First, it is clear that the creative industries are already a success story but, sadly, they are an untapped source of considerable potential economic growth for the future. We have heard that there have recently been some piecemeal but welcome initiatives to boost skills in this area. For example, we hope that the creative employment programme, launched by the Arts Council and overseen by the National Skills Academy, will support thousands of new apprenticeships and paid internships. That is to be welcomed, as is the £16 million of funding to Creative Skillset to develop skills in film, TV, animation and games. A number of noble Lords have mentioned other initiatives. However, these initiatives are small-scale and disparate and serve to highlight the Government’s failure, across departments, to grasp and nurture our global economic potential and the human potential which lies behind it.

Secondly, as a number of noble Lords have said, nowhere is this inconsistency more stark than in the Government’s own education programme. Michael Gove has undoubtedly been allowed to sideline the teaching of creative subjects in the curriculum and the new league tables still put pressure on schools to drop drama, art, music, design and the other creative subjects. This is taking its toll: GCSE applications are falling across these subjects. I hope that the noble Lord will respond to that criticism.

At the same time, in education, we have seen the decimation of the careers service, so that young people have no concept of the wide range of work opportunities that exist in the modern creative sector. A recent report showed that teachers were so out of touch with what the job opportunities are in this sector that they just gave young people the same careers advice that they had been given at school. Noble Lords do not need me to tell them how far the world has moved on since then. Meanwhile, the government squeeze on the funding of undergraduate arts courses has seen creative and digital courses lose most of their teaching grant. Again, combined with the rising tuition fees, that risks damaging the supply of young qualified performers, writers and designers for the future.

Thirdly, much of the current government spending on arts and culture is badly skewed towards London and is failing to play its part in rebalancing our regional economic recovery. That has been compounded by the starving of funds to local government.

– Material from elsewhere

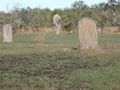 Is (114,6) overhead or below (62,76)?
overhead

As we all know, that has cut funding to community arts organisations, which in the past would have been the place where the next generation of artists had their first experience of participation. It is not clear how that vacuum is to be filled. Where will young people go to put their first foot before the footlights?

It is interesting that the recent IPPR report made a very imaginative suggestion, which is the idea of creative clusters around the regions, building on a local specialism; for example, Manchester could concentrate on fashion and games, Cardiff on TV and film, and Bristol on software and design. That is a very imaginative idea. With support from BIS and DCLG, such initiatives could play a vital role in wider regional regeneration. However, it needs the political will to drive an agenda such as this.

As the noble Baroness, Lady Bonham-Carter, made clear, the whole situation is made worse because non-white people and those from poorer backgrounds do not find any places in the limited training and careers opportunities on offer. There is a danger that we are sliding into dominance by a white, south-east urban elite in this sector, and nobody wants that.

It is a frequent mantra in these debates that we need more joined-up government, and I do not pretend that that is easy. However, I also know that DCMS does not have the funding or the clout to deliver radical change alone. I hope that the noble Lord will address those concerns in his response.